Work required: Without including any image, repeat every record exactly.

[Dataset entries]

_____

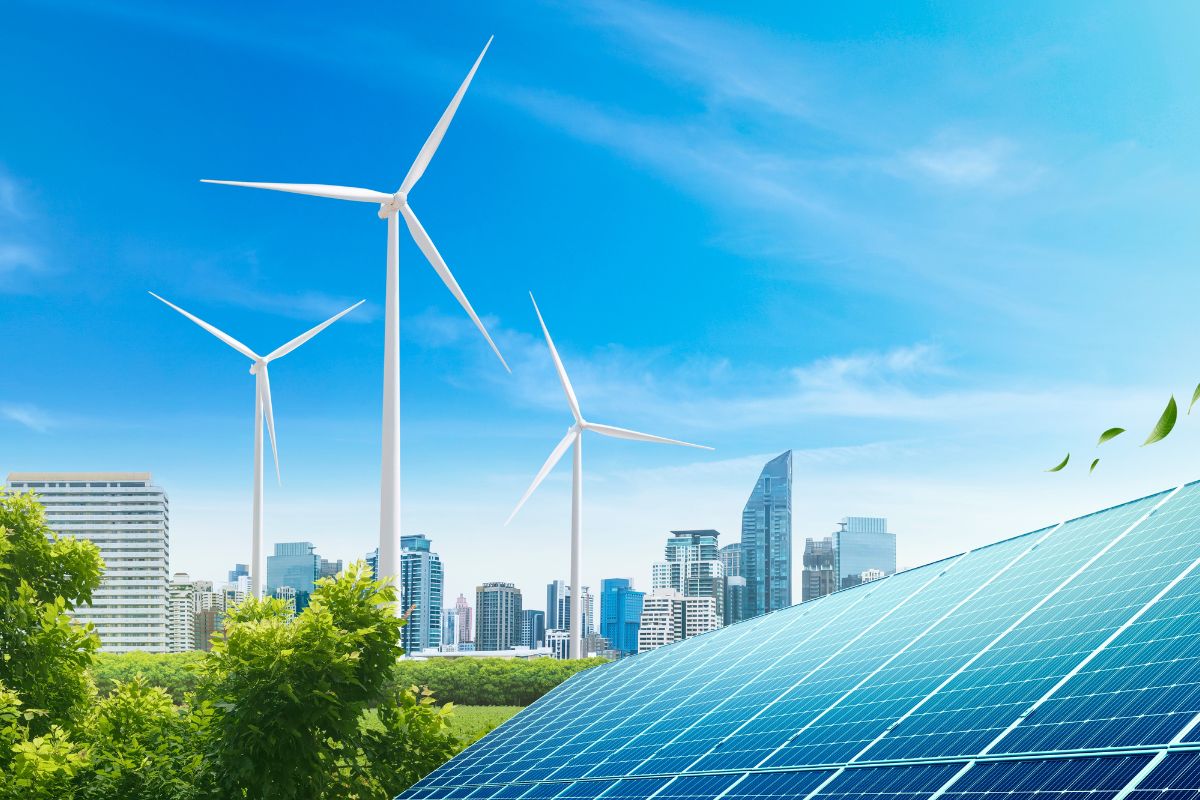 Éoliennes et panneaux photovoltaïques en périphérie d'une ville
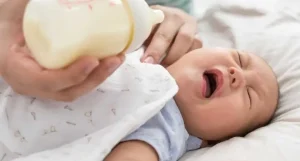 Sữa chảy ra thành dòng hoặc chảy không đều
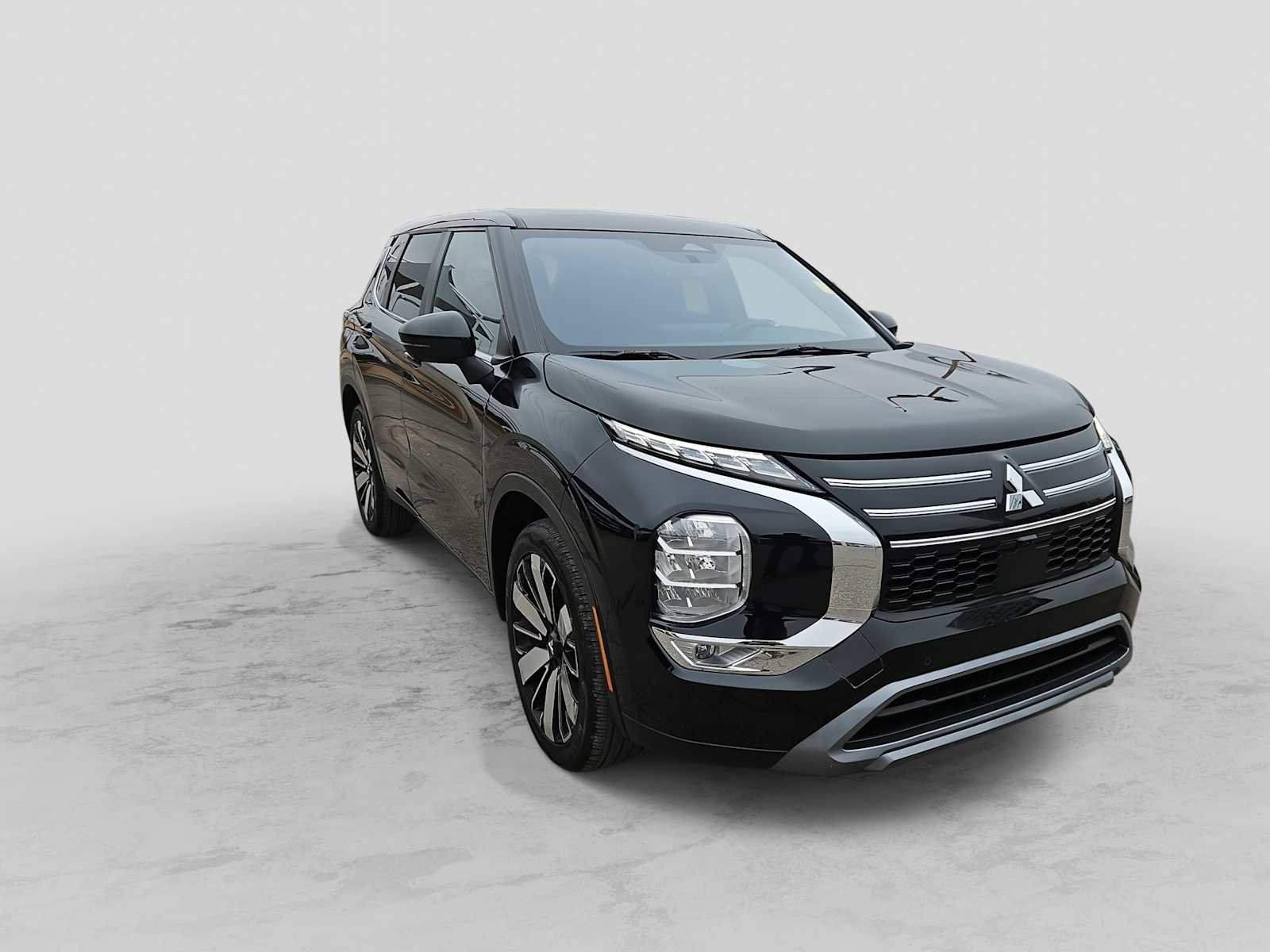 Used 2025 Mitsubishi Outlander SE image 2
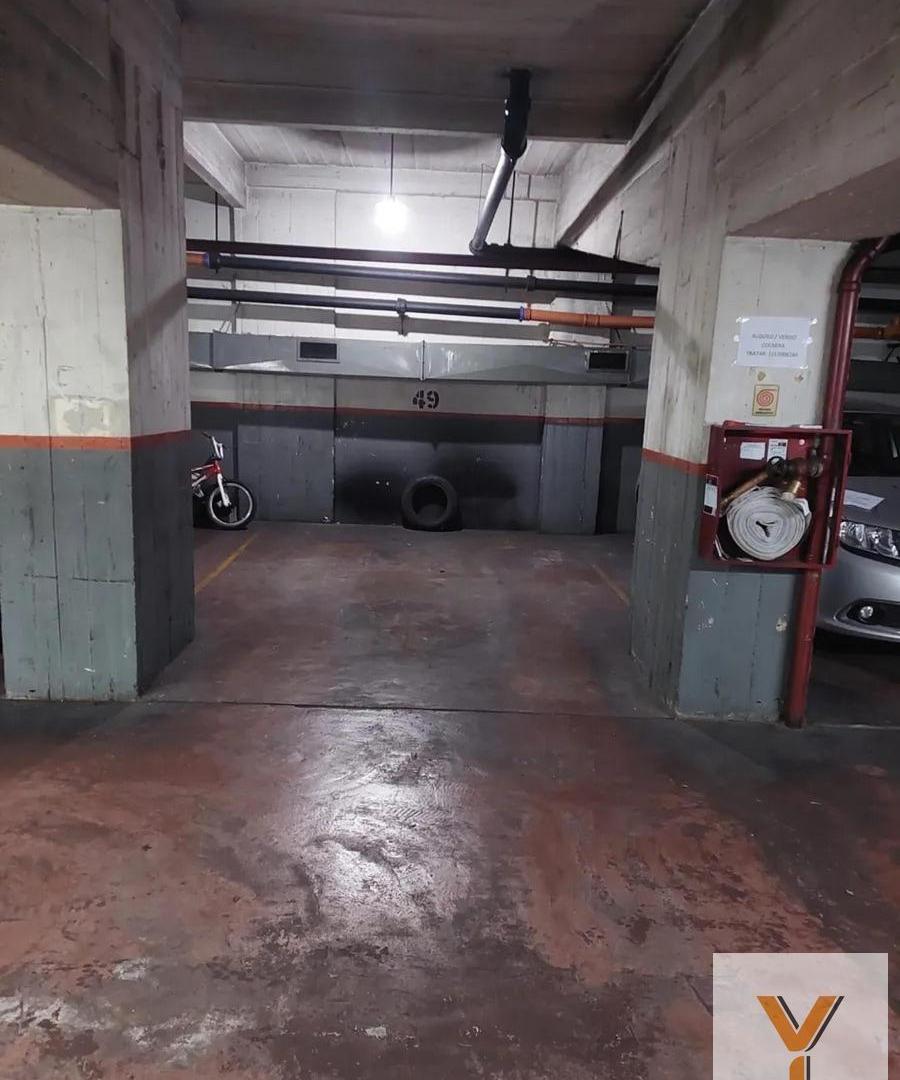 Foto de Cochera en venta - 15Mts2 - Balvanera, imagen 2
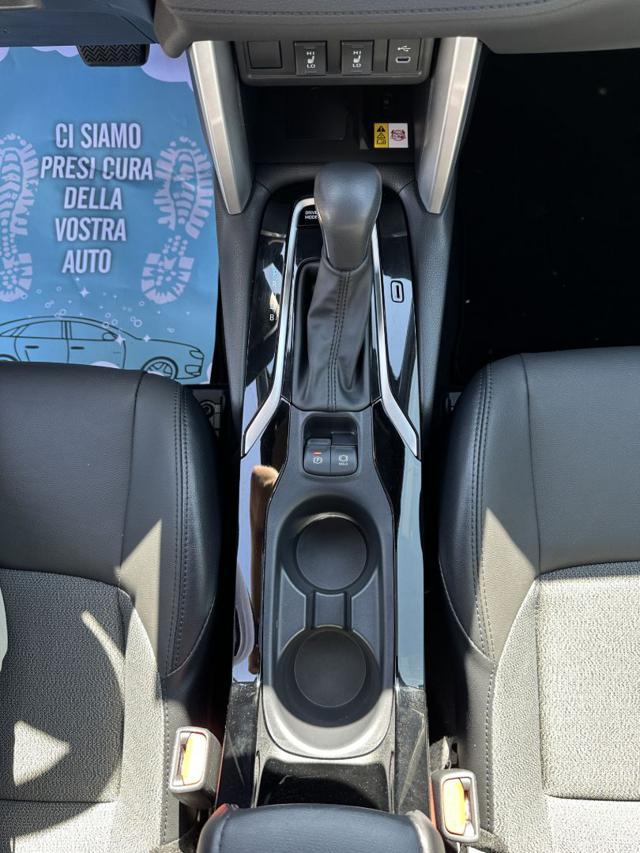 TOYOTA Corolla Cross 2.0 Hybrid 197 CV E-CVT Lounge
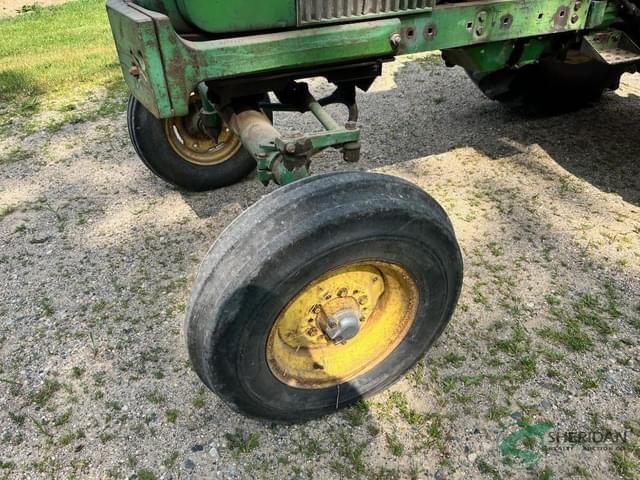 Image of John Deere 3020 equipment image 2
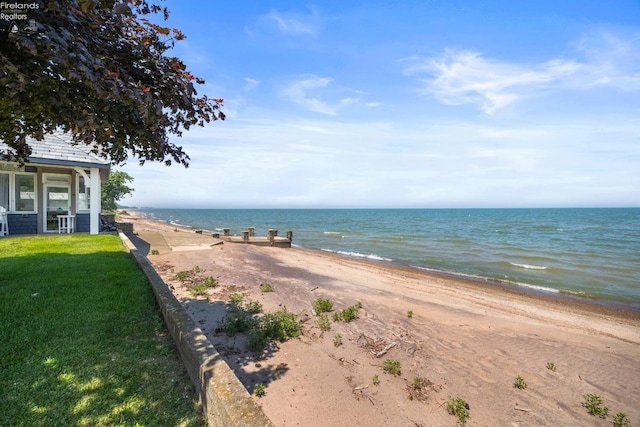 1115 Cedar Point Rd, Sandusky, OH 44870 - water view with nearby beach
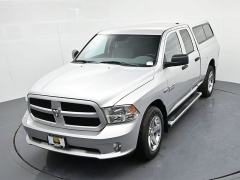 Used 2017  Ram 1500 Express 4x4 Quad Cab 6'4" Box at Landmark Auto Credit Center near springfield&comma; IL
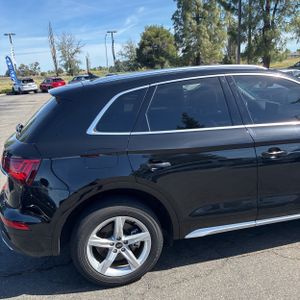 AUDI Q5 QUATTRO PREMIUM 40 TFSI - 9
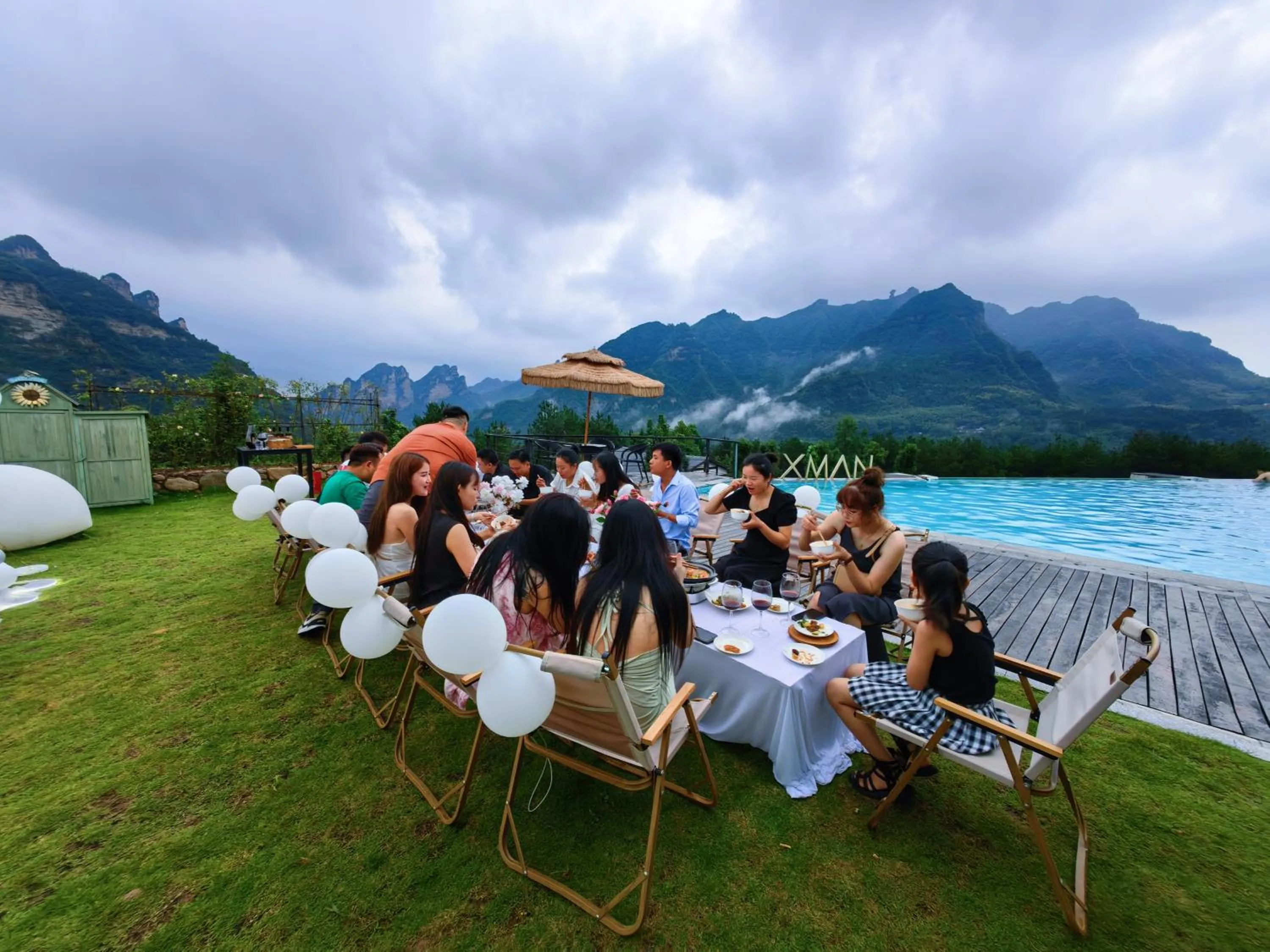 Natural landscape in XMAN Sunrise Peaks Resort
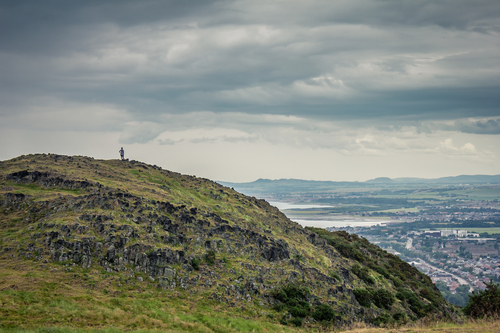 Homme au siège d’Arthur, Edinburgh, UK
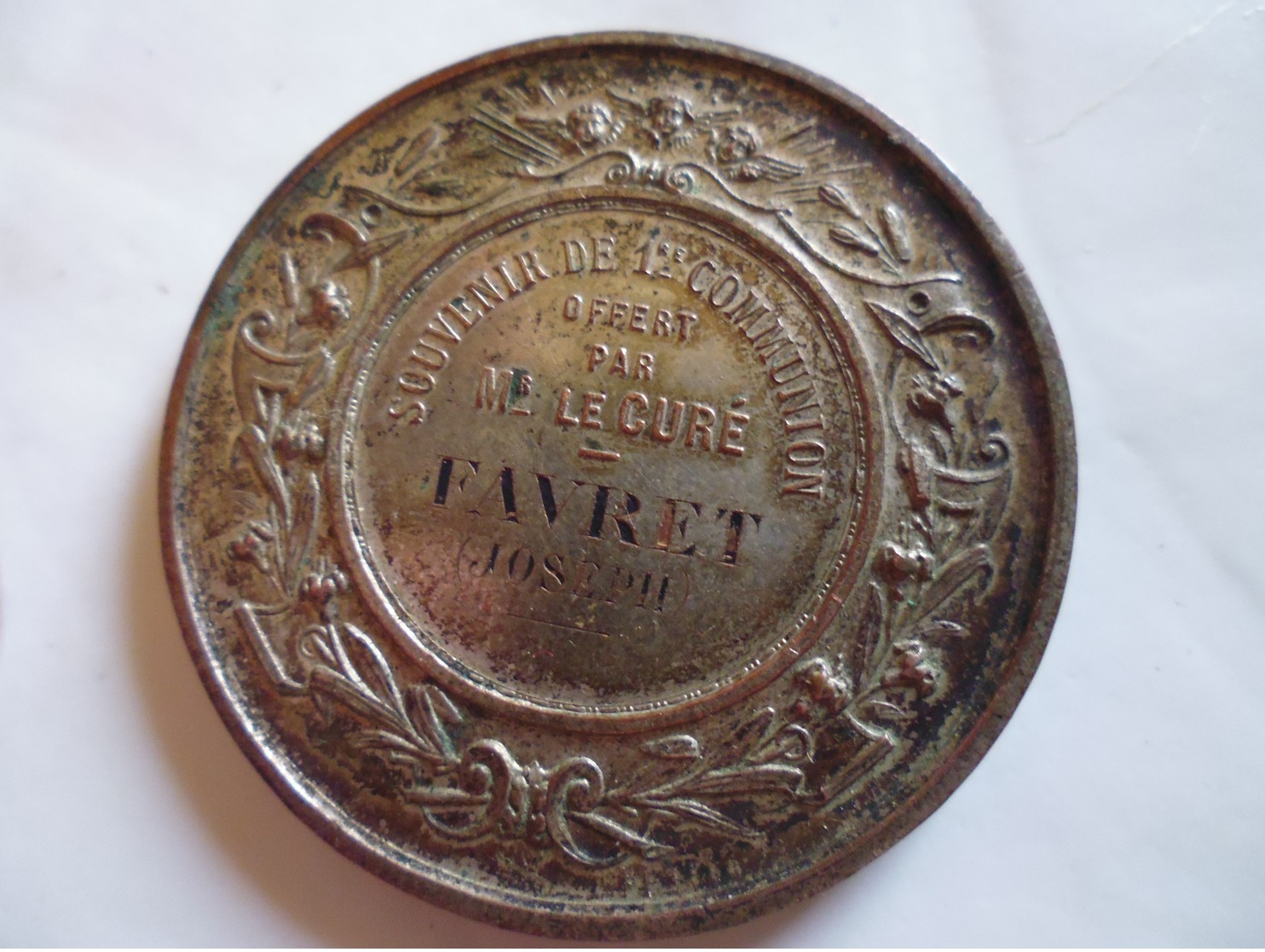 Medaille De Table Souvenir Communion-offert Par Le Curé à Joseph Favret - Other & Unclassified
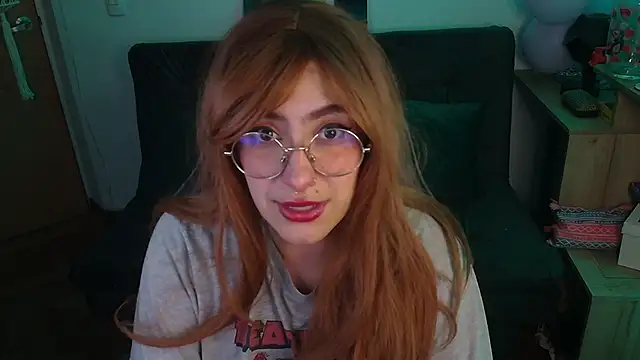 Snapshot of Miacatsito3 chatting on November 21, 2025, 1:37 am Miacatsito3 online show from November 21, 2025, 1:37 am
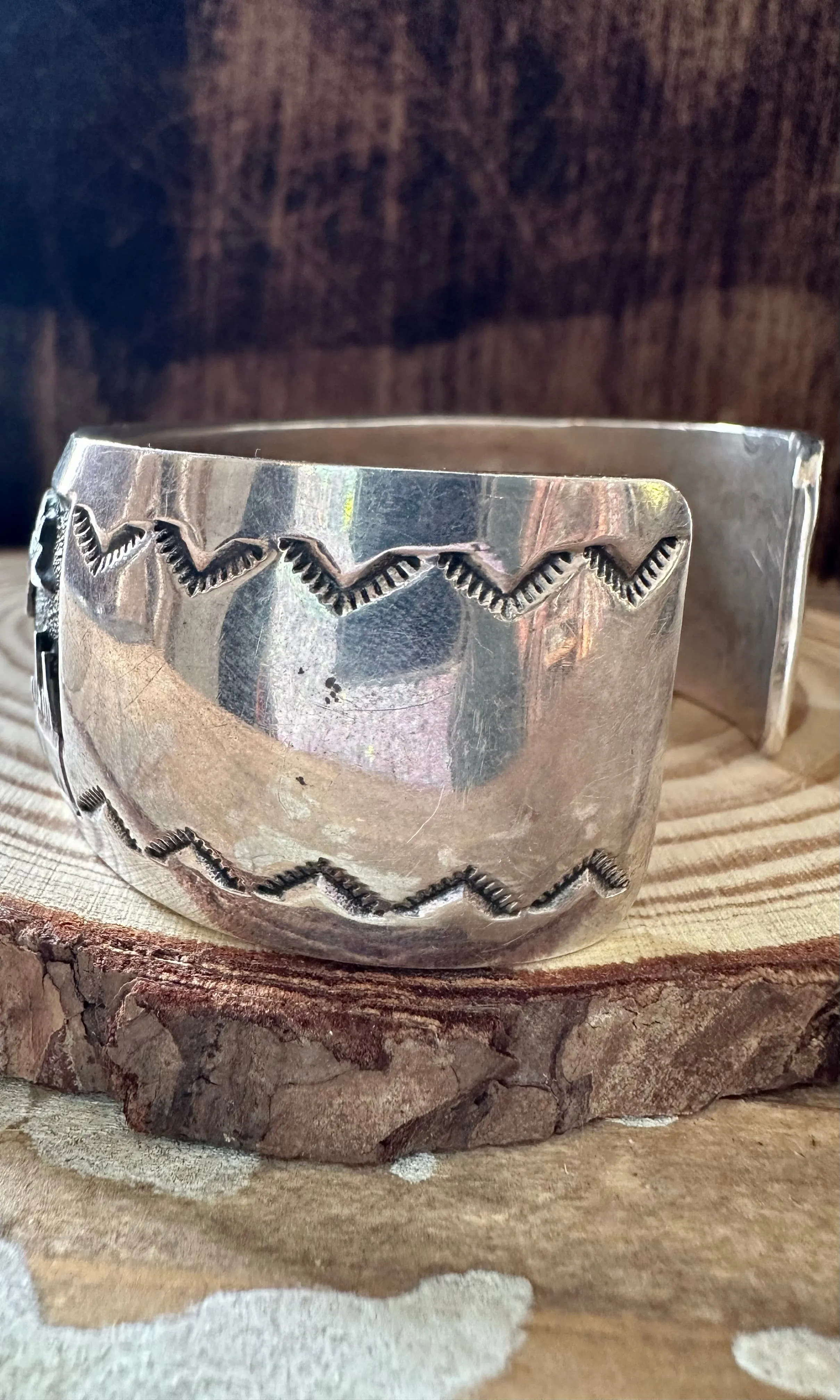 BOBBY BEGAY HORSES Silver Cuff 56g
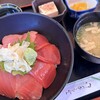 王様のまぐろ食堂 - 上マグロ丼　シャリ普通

_____

Exercise response:
 Éoliennes et panneaux photovoltaïques en périphérie d'une ville
 Sữa chảy ra thành dòng hoặc chảy không đều
 Used 2025 Mitsubishi Outlander SE image 2
 Foto de Cochera en venta - 15Mts2 - Balvanera, imagen 2
 TOYOTA Corolla Cross 2.0 Hybrid 197 CV E-CVT Lounge
 Image of John Deere 3020 equipment image 2
 1115 Cedar Point Rd, Sandusky, OH 44870 - water view with nearby beach
 Used 2017  Ram 1500 Express 4x4 Quad Cab 6'4" Box at Landmark Auto Credit Center near springfield&comma; IL
 AUDI Q5 QUATTRO PREMIUM 40 TFSI - 9
 Natural landscape in XMAN Sunrise Peaks Resort
 Homme au siège d’Arthur, Edinburgh, UK
 Medaille De Table Souvenir Communion-offert Par Le Curé à Joseph Favret - Other & Unclassified
 Snapshot of Miacatsito3 chatting on November 21, 2025, 1:37 am Miacatsito3 online show from November 21, 2025, 1:37 am
 BOBBY BEGAY HORSES Silver Cuff 56g
 王様のまぐろ食堂 - 上マグロ丼　シャリ普通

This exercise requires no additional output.